What is needed. Whenever a line below includes the word "nbsp", copy that line.

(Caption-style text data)
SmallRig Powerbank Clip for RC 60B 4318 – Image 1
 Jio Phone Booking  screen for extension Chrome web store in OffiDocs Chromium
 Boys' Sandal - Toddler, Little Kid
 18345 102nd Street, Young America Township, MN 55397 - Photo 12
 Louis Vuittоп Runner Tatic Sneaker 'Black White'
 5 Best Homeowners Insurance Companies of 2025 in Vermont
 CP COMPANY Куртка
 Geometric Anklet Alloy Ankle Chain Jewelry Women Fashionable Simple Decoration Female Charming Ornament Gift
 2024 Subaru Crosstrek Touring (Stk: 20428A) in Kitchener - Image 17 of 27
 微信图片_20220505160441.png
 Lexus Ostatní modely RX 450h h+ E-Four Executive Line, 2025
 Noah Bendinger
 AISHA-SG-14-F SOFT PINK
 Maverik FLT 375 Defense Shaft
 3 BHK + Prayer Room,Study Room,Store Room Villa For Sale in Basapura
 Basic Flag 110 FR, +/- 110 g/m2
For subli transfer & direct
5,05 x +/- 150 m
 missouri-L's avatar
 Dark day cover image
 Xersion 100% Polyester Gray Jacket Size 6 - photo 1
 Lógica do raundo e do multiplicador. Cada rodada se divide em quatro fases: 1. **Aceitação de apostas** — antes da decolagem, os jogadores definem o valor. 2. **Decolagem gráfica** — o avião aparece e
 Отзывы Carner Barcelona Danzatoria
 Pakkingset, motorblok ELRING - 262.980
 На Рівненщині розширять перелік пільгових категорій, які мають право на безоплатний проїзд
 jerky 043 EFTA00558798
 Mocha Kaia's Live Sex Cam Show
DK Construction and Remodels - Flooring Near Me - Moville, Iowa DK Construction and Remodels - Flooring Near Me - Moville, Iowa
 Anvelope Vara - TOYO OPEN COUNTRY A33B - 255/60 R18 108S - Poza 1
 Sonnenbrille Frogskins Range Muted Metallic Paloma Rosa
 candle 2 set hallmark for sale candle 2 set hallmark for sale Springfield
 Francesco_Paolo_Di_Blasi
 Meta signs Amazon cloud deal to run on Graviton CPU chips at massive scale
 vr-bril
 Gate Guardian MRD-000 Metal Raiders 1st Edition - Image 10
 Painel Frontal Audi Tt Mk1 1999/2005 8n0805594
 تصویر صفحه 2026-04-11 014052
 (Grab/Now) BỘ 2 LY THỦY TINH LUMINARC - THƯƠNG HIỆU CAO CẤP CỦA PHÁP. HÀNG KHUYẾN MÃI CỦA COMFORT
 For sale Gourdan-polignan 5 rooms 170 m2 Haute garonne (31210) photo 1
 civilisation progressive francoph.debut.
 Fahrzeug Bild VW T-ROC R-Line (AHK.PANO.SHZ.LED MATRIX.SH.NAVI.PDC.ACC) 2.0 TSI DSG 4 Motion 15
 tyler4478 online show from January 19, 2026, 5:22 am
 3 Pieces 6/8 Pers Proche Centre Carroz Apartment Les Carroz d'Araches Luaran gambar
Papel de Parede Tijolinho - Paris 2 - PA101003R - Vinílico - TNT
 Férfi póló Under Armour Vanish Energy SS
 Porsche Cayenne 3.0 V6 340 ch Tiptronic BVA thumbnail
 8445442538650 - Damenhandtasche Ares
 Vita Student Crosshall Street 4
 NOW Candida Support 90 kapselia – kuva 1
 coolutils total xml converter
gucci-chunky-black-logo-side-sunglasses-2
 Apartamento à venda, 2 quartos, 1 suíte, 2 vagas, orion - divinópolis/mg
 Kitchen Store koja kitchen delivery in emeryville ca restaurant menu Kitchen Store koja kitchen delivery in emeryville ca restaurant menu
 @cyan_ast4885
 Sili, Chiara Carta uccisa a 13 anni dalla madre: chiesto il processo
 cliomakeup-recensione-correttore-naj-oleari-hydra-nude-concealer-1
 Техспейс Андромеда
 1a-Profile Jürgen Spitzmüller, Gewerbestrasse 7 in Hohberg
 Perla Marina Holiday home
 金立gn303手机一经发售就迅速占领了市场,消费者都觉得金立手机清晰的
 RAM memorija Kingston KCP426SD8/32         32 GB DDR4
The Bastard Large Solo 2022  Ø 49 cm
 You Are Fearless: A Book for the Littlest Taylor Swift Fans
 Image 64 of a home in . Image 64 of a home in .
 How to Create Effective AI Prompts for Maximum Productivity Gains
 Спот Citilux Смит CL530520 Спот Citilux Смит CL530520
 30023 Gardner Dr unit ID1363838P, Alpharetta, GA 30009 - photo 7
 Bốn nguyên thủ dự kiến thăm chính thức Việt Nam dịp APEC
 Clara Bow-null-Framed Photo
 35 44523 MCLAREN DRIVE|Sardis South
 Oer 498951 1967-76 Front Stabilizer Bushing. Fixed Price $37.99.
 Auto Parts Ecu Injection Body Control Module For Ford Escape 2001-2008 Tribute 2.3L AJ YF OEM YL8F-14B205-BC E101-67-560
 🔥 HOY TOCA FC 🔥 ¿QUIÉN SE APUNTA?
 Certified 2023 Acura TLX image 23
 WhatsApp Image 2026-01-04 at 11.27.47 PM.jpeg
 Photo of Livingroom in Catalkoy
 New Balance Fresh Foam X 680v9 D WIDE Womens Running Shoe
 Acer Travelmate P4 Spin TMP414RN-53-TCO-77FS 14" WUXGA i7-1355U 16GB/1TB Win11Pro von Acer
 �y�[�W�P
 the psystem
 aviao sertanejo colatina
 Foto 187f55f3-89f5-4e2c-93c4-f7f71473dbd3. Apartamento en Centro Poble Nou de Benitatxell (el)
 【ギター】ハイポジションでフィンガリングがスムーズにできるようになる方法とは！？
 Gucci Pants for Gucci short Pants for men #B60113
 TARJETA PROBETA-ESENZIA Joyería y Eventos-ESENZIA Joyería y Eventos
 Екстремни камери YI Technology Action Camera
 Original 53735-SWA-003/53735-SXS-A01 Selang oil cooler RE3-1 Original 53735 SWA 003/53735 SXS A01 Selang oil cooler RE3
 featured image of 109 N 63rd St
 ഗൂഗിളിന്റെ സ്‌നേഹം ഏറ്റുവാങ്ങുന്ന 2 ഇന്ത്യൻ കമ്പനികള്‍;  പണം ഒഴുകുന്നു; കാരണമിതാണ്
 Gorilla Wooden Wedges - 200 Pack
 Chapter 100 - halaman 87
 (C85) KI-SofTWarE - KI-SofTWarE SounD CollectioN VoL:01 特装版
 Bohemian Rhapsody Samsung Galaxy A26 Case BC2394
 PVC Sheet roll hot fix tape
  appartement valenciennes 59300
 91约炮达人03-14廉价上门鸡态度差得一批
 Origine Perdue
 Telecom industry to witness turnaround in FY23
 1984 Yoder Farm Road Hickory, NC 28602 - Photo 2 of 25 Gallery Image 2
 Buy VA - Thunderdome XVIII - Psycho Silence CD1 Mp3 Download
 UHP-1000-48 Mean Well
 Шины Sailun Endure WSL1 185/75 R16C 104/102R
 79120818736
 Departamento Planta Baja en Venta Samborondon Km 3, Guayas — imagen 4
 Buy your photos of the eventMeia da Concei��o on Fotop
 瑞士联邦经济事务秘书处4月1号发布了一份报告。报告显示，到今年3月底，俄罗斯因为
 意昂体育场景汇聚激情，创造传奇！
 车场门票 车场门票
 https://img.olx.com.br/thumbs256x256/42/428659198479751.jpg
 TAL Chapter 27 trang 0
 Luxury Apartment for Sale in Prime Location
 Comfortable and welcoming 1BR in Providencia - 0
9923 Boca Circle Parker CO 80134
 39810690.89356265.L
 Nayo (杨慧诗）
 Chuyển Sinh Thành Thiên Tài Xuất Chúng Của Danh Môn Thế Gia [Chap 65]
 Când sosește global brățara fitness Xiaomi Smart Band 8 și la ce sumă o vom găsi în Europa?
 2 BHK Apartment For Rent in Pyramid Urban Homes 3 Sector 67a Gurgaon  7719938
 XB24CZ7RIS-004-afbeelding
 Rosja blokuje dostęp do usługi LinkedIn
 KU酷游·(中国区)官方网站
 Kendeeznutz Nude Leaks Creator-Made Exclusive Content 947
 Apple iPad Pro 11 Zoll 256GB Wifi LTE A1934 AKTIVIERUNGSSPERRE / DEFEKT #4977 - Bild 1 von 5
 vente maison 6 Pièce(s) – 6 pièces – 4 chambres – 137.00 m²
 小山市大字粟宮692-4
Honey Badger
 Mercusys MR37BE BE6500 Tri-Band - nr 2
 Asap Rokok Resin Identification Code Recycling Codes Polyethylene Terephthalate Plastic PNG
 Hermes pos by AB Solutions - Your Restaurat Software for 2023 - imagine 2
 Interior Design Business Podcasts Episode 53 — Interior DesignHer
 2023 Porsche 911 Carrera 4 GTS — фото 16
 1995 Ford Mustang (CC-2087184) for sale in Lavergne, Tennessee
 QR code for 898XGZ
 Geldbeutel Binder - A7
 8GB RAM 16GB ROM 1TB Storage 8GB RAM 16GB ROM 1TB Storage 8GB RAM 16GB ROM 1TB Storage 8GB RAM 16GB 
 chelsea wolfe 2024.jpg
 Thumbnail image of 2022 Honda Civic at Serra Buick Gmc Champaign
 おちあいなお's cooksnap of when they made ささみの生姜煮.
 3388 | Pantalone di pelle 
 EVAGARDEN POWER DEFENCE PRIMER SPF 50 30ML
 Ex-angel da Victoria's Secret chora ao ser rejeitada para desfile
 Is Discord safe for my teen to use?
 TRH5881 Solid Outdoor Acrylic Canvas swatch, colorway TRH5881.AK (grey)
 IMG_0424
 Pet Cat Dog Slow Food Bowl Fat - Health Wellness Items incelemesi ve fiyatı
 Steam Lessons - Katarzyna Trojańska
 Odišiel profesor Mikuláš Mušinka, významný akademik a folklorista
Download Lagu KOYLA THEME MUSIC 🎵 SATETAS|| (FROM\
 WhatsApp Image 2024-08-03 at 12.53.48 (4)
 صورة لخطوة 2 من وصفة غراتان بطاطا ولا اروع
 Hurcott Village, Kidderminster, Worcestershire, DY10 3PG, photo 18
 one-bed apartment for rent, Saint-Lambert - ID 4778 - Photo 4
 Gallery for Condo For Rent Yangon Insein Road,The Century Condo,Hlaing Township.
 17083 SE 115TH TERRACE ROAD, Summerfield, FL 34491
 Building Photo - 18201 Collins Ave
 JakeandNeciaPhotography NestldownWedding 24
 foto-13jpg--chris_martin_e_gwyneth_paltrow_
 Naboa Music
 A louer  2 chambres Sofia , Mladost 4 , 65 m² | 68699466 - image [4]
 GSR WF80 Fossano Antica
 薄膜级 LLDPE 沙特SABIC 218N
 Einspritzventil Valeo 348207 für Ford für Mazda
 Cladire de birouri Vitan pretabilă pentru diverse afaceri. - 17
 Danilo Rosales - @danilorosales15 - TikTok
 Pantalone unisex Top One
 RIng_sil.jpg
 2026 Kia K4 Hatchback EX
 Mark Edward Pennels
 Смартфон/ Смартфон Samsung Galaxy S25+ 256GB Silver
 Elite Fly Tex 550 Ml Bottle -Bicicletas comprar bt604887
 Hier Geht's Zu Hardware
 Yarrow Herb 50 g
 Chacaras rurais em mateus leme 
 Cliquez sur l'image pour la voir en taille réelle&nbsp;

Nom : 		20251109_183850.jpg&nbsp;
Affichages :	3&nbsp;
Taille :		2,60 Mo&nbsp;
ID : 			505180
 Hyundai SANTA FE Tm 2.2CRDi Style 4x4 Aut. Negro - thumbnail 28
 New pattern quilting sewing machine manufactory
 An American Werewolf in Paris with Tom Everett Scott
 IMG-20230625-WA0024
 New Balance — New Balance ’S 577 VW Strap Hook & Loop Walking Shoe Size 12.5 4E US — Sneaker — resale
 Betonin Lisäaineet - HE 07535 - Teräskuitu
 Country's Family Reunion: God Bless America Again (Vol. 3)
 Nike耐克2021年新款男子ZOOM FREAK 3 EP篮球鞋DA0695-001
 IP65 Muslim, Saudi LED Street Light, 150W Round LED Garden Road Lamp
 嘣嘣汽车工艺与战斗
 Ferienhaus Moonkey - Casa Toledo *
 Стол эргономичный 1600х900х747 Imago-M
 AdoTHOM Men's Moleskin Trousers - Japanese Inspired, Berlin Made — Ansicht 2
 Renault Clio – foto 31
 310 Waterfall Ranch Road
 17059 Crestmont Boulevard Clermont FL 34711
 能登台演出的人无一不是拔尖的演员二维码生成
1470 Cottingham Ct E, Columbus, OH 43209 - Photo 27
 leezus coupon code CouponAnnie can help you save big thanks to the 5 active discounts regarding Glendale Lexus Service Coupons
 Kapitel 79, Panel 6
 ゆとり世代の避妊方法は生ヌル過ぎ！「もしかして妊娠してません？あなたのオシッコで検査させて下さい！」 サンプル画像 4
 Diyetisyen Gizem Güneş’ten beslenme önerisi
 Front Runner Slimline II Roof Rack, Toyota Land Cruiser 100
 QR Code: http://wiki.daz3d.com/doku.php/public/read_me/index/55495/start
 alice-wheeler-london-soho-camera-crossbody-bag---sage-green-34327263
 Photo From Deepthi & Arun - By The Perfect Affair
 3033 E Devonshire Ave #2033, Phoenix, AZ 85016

Reply.
 Cliquez sur l'image pour la voir en taille réelle&nbsp;
Nom : 		20251109_183850.jpg&nbsp;
Affichages :	3&nbsp;
Taille :		2,60 Mo&nbsp;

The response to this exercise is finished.